Extracted records
● ● ● ● ●

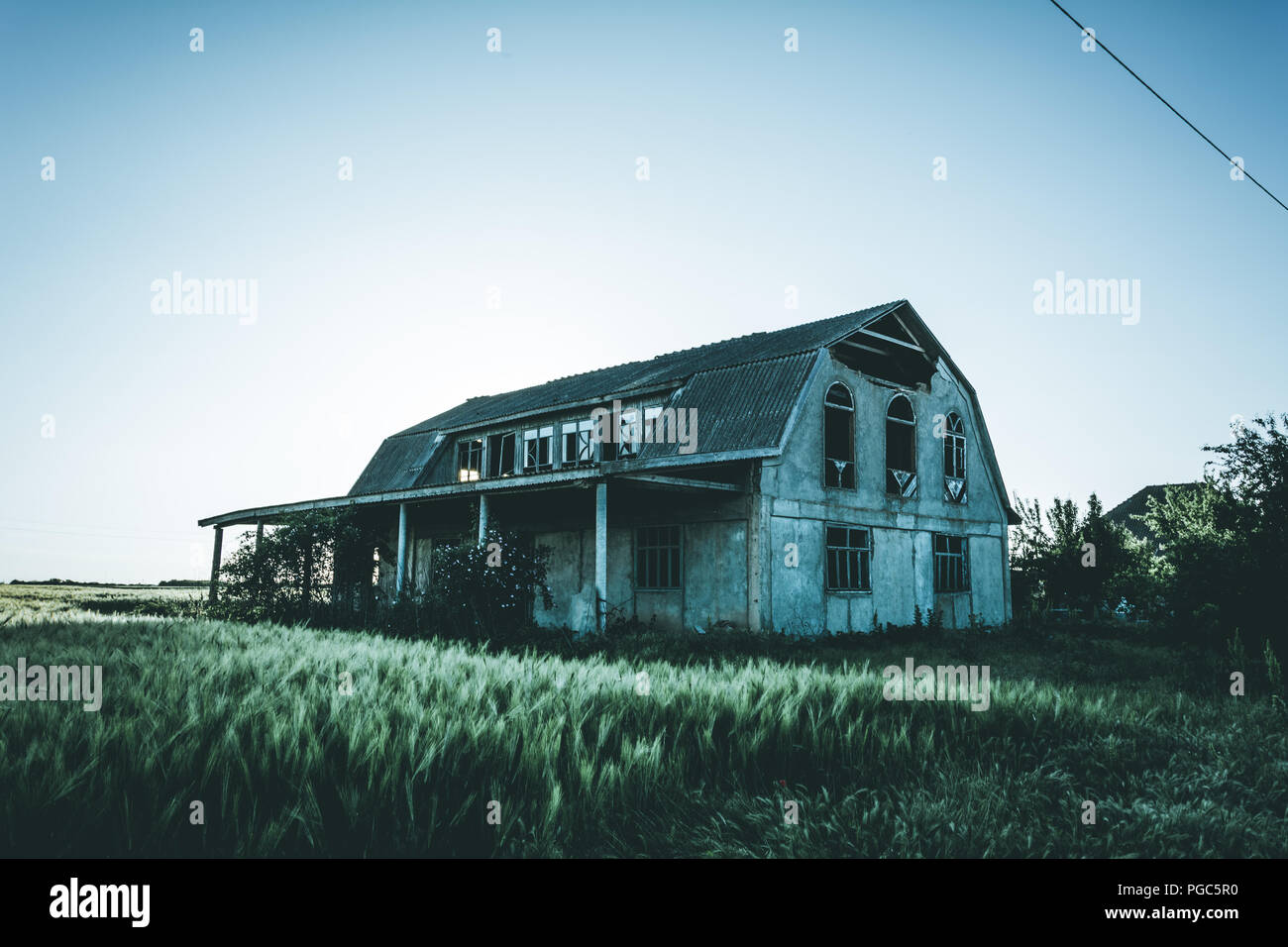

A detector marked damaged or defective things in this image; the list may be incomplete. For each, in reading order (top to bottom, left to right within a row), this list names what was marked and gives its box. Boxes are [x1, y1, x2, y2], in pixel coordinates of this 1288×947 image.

broken window [460, 436, 483, 481]
broken window [483, 432, 515, 477]
broken window [519, 430, 551, 474]
broken window [559, 420, 594, 468]
broken window [614, 410, 638, 460]
broken window [824, 382, 852, 487]
broken window [884, 394, 912, 495]
broken window [939, 412, 959, 503]
broken window [634, 523, 682, 586]
broken window [828, 527, 868, 590]
broken window [931, 531, 963, 590]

● ● ● ● ●

Exercise aim
Copy the entries above verbatim. Pictures do not belong in the copy.

Result for this task
A detector marked damaged or defective things in this image; the list may be incomplete. For each, in reading order (top to bottom, left to right within a row), this list names what was marked and gives its box. Boxes are [x1, y1, x2, y2], in pixel coordinates of this 1288×947 image.

broken window [460, 436, 483, 481]
broken window [483, 432, 515, 477]
broken window [519, 430, 551, 474]
broken window [559, 420, 594, 468]
broken window [614, 410, 638, 460]
broken window [824, 382, 852, 487]
broken window [884, 394, 912, 495]
broken window [939, 412, 959, 503]
broken window [634, 523, 682, 586]
broken window [828, 527, 868, 590]
broken window [931, 531, 963, 590]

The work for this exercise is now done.